If you want to write multiple values into a file, I can give you 3 valid approaches:

  1. Wrap each encoded buffer, appending its size, so that you can read them back. Example sync code:
function writeFrame(buffer) {
    let header = Buffer.alloc(4)
    header.writeUInt32BE(buffer.length, 0)
    fs.writeSync(fd, Buffer.concat([header, buffer])
}

function readFrame(fd) {
    let header = Buffer.alloc(4)
    fs.readSync(fd, header, 0, 4, null)
    let length = header.readUInt32BE(0)
    let buffer = Buffer.alloc(length)
    fs.readSync(fd, buffer, 0, length, null)
}
  1. Choose one byte (or byte sequence) as delimiter, but escape matches that may happen inside de encoded binary on write and then unescape them on read.

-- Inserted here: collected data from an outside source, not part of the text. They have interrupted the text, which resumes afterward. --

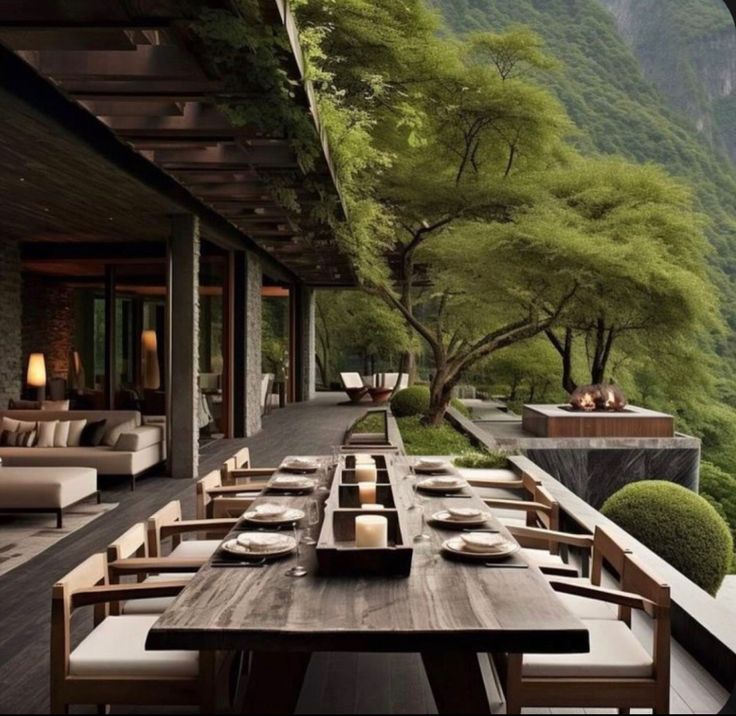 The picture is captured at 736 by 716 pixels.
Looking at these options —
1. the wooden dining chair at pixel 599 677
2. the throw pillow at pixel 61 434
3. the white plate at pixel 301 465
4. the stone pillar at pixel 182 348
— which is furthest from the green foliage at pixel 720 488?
the wooden dining chair at pixel 599 677

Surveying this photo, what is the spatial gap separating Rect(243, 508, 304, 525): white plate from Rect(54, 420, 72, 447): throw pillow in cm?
570

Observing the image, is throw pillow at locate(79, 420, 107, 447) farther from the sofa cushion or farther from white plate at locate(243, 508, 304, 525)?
white plate at locate(243, 508, 304, 525)

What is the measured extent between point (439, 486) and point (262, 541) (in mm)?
1365

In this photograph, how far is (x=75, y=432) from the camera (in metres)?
8.59

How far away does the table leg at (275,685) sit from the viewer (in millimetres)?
2494

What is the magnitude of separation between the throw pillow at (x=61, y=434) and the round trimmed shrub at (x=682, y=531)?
557 centimetres

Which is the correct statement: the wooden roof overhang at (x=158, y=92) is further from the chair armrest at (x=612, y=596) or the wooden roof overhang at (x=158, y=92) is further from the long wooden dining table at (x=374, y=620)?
the chair armrest at (x=612, y=596)

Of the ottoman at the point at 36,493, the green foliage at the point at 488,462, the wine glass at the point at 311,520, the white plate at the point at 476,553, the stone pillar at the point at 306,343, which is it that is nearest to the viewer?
the white plate at the point at 476,553

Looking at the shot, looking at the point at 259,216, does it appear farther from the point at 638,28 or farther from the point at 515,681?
the point at 638,28

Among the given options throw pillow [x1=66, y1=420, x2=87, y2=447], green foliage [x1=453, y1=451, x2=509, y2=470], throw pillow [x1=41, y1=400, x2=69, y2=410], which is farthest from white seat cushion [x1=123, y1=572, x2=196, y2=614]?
throw pillow [x1=41, y1=400, x2=69, y2=410]

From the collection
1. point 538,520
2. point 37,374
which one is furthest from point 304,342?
point 538,520

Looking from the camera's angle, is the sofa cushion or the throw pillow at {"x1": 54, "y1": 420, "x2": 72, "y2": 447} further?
the throw pillow at {"x1": 54, "y1": 420, "x2": 72, "y2": 447}

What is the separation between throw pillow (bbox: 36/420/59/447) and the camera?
27.9ft

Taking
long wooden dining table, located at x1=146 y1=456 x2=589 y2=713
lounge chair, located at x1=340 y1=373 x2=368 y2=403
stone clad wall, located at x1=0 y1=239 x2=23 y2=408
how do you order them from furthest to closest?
lounge chair, located at x1=340 y1=373 x2=368 y2=403 → stone clad wall, located at x1=0 y1=239 x2=23 y2=408 → long wooden dining table, located at x1=146 y1=456 x2=589 y2=713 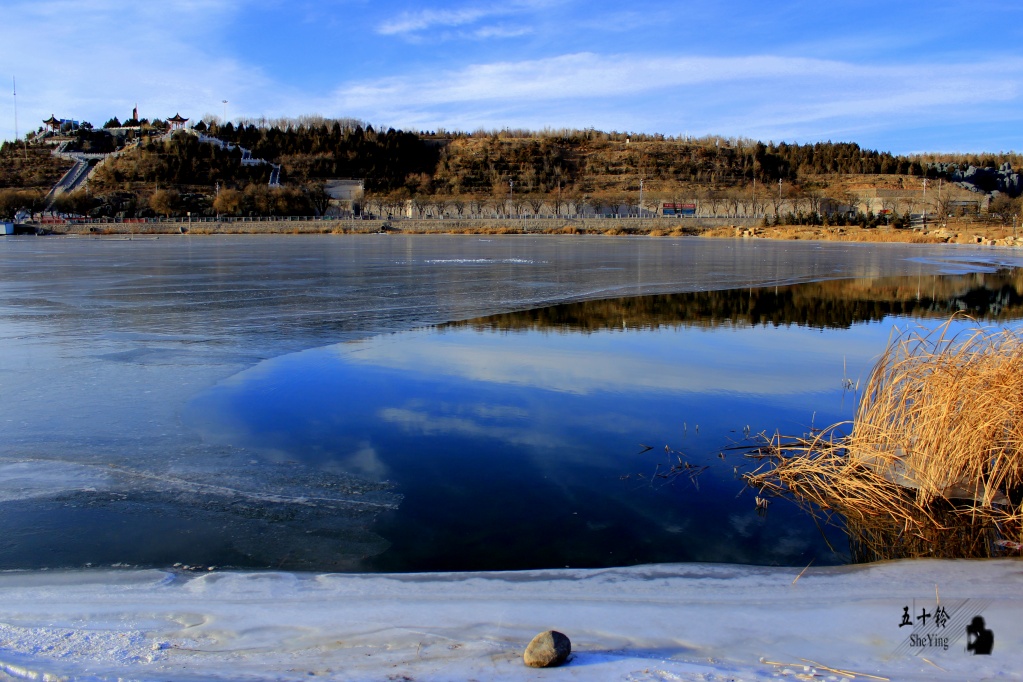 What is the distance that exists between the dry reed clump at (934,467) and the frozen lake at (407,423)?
1.34 ft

  2. Do not use any delimiter and rely on lower-level Type#read() function. This works because Type#read() only reads up to the end of one record, allowing you to call it multiple times to get multiple values

// Suppose `buffer` has potentially multiple (full) encoded values
// `schema` is an Type instance
let ReadState = require('js-binary').ReadState,
    rs = new ReadState(buffer)

while (!rs.hasEnded()) {
    console.log(schema.read(rs))
}

Hope it works for you!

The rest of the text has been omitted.